People break the law for many reasons: ignorance, malice, laziness, convenience, to name a few. However, people also sometimes break the law with a sense of moral self-righteousness, as an act, however trivial, of standing up against “the man.” While this moral stance is generally a justification of and not the impetus for the illegal act (unlike, say, an illegal violent protest specifically targeted at a law), it is nonetheless an example of the way in which people cast their relationship to the law in ethical light. People in these circumstances break laws as a way of acting out against what they see as governmental morality, and to make a statement of what they think is right.

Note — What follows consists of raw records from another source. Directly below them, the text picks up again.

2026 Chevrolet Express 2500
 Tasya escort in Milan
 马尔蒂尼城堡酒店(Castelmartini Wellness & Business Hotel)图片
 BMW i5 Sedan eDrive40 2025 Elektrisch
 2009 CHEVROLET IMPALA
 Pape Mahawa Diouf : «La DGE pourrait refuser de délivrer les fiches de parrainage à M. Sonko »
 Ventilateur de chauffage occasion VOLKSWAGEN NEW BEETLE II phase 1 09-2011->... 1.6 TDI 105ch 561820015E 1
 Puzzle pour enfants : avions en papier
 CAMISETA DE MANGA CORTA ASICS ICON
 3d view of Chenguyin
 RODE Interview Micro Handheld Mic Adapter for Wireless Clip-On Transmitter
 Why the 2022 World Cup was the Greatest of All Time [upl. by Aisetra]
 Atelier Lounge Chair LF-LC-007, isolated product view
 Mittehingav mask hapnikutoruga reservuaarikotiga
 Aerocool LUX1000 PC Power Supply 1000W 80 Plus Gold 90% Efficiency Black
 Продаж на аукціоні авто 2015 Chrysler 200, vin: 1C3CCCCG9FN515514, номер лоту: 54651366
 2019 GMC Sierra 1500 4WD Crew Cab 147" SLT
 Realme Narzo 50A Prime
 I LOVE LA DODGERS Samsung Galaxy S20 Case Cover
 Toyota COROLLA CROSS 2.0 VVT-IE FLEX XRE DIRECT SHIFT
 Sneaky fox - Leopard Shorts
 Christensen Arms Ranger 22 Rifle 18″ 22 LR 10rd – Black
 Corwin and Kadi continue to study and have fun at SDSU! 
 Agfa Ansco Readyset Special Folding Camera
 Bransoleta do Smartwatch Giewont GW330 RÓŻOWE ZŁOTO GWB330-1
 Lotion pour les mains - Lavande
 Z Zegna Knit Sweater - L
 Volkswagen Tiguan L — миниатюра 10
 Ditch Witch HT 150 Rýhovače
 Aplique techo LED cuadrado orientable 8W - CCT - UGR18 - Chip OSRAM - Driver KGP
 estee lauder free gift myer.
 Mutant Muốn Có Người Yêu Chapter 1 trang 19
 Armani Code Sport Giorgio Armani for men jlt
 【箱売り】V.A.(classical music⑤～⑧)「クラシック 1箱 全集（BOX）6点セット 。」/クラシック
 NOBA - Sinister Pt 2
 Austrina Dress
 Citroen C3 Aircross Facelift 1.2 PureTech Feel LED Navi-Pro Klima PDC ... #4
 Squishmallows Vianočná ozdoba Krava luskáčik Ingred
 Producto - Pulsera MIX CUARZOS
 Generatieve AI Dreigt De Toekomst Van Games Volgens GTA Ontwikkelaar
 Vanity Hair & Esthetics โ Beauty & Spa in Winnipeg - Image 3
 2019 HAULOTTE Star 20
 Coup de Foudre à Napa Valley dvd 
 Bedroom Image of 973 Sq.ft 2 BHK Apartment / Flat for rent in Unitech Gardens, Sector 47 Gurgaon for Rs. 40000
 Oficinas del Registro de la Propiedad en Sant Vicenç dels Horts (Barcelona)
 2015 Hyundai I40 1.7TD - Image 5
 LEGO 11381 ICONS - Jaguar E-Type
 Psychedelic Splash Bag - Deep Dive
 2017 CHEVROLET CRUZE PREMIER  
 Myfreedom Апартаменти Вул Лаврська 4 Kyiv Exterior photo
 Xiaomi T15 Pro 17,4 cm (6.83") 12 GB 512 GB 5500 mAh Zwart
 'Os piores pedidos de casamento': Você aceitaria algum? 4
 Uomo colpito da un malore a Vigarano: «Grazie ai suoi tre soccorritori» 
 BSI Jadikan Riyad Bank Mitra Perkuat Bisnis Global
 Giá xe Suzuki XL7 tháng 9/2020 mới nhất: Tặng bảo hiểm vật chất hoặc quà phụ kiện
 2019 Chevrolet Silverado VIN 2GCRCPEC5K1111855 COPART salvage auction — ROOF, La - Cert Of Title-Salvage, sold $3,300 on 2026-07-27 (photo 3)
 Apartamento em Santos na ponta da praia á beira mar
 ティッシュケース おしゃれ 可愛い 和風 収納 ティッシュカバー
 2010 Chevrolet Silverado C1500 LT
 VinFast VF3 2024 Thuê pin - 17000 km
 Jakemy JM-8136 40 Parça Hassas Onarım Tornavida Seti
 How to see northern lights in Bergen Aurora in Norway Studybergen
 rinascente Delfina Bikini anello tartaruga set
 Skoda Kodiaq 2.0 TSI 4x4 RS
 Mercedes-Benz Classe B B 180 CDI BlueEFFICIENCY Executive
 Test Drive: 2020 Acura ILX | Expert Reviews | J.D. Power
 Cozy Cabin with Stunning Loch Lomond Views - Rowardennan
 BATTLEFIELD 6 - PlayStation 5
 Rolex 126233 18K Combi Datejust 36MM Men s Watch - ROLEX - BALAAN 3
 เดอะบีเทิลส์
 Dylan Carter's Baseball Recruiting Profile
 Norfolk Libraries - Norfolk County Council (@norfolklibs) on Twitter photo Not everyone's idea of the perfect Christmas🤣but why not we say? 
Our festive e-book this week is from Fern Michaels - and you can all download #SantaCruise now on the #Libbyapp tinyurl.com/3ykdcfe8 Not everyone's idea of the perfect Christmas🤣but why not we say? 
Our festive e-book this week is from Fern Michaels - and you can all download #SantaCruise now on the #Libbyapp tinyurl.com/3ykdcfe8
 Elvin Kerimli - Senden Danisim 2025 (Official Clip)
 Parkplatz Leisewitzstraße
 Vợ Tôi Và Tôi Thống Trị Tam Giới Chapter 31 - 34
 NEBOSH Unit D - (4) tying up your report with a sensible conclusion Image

For example, when hardcore natural food enthusiasts attend clandestine raw milk bartering sessions, they do so without a sense of moral guilt (and rightly so!): there is nothing wrong, morally speaking, with unpasteurized milk products, and there is usually nothing wrong with them in terms of health. Many people involved with raw milk feel that this absence of moral wrongness—combined with the fact that raw milk is better for the environment and, according to some, for your health—justifies their illegal act, and they feel extremely indignant when the FBI shows up to shut them down. While this does seem extravagant on the part of the FBI, knowing that your actions are not wrong does not mean your acts are not legitimately illegal. The law that forbids raw milk in New York state might well be totally silly, but that does not make it an immoral law, and, however natural it is to feel morally outraged when your local illegal raw milk coop gets shut down (‘we were doing nothing wrong!’), this outrage is not strictly reasonable. The counterintuitive fact of the matter is that something can easily be illegal without being wrong, as laws no longer derive their legitimacy from morality. While the legislature can be mistaken as to expediency and good sense, the laws it makes are not usually moral judgments and cannot be disagreed with as if they were.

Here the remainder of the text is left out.